Malaya said the NSC appreciated the US offer and the Philippines would continue consultations as treaty allies.
Manila has a mutual defense pact with the United States which requires both parties to come to the other’s defense in case of an “armed attack” against vessels, aircraft, military and coast guard anywhere in the Pacific theater, which Washington says includes the South China Sea.
Beijing claims almost the entirety of the South China Sea, brushing aside competing claims from several Southeast Asian nations including the Philippines and an international ruling that Beijing’s stance has no legal basis.
Ayungin Shoal lies about 200 kilometers from the western Philippine island of Palawan and more than 1,000 kilometers from China’s nearest major landmass, Hainan island.
Filipino soldiers stationed on the shoal live on the crumbling BRP Sierra Madre and require frequent resupplies for food, water and other necessities as well as transport for personnel rotations.
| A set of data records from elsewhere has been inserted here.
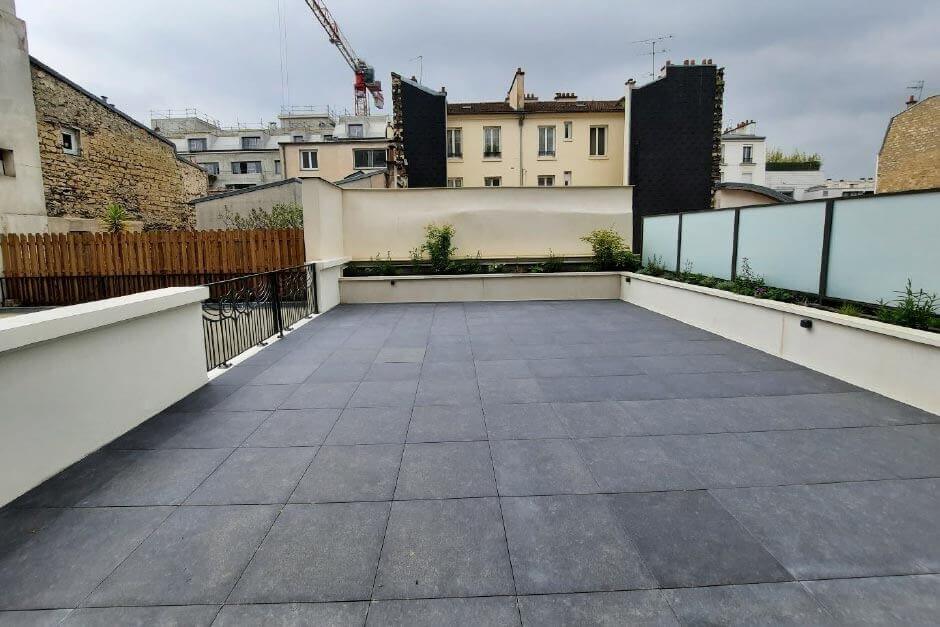 Photo avant Aménagement extérieur d'une grande terrasse à Levallois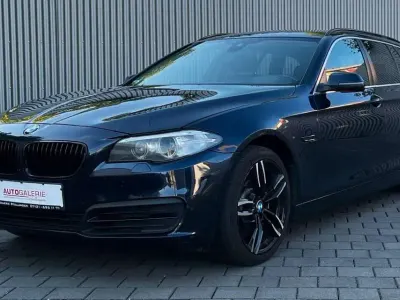 Używany BMW 530 Performance 258 KM (189 kW) 2013 Niebieski Kombi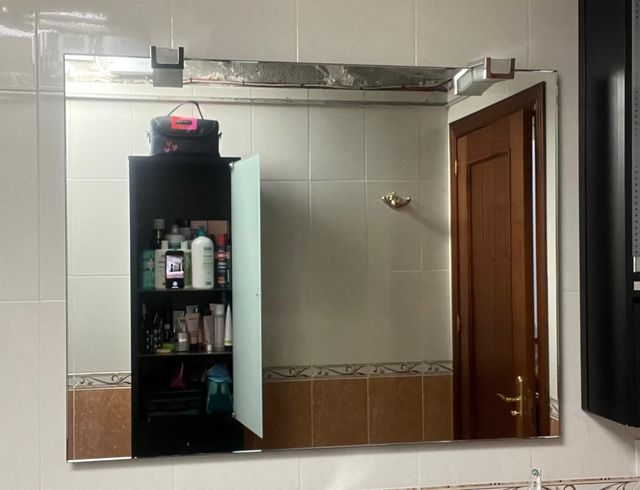 Muebles de baño con lavabo de cristal y grifería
China deploys coast guard and other boats to patrol the waters around the shoal and has turned several reefs into artificial militarized islands.
On Sunday, members of the Anti-Imperialist Movement staged a protest at the Quezon City Memorial Circle in Diliman to voice their opposition to the signing of a military intelligence-sharing agreement between the Philippines and the United States on July 30 in Manila.
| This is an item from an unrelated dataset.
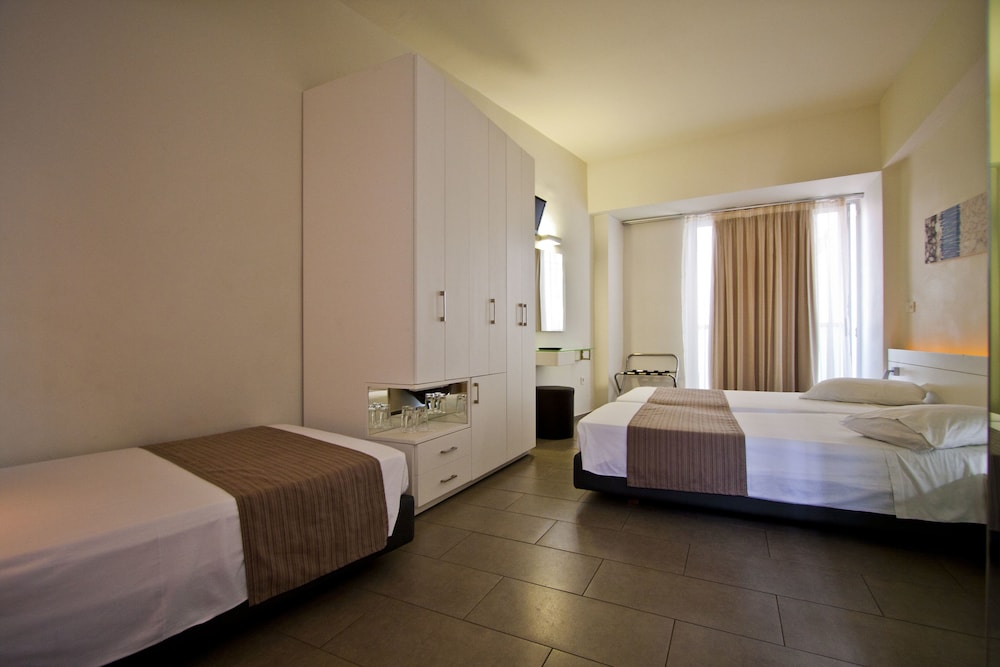 Atlantis Boutique City Hotel 10/69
The intel-sharing agreement will be signed during the 2+2 Ministerial Dialogue between Foreign Affairs Secretary Enrique Manalo and Defense Secretary Gilberto Teodoro Jr. and their US counterparts US Secretary of State Antony Blinken and Defense Secretary Lloyd Austin.
The 2+2 Ministerial Dialogue followed the conclusion of negotiations last month on Manila’s General Security of Military Information Agreement with Washington.
Rodolfo Javellana Jr., the group’s co-convener, described the decision of President Ferdinand Marcos Jr. to allow the country to enter into an intel-sharing pact with the US as “treason.”
“Isn’t this turning away from his oath after he was elected President of the Philippines?” he said. “”We don’t want anything but a peaceful Philippines, a prosperous Philippines.”
Javellana said what the Philippines is doing by advancing its military relations with the US was advancing the geopolitical interest of Washington in the region and offering Manila as an extension of America’s military network.
“The country’s territorial dispute with China over parts of the South China Sea should not involve the opportunistic meddling of a former colonizer whose real motive is to preserve and expand its imperialist hegemony in the region,” he said.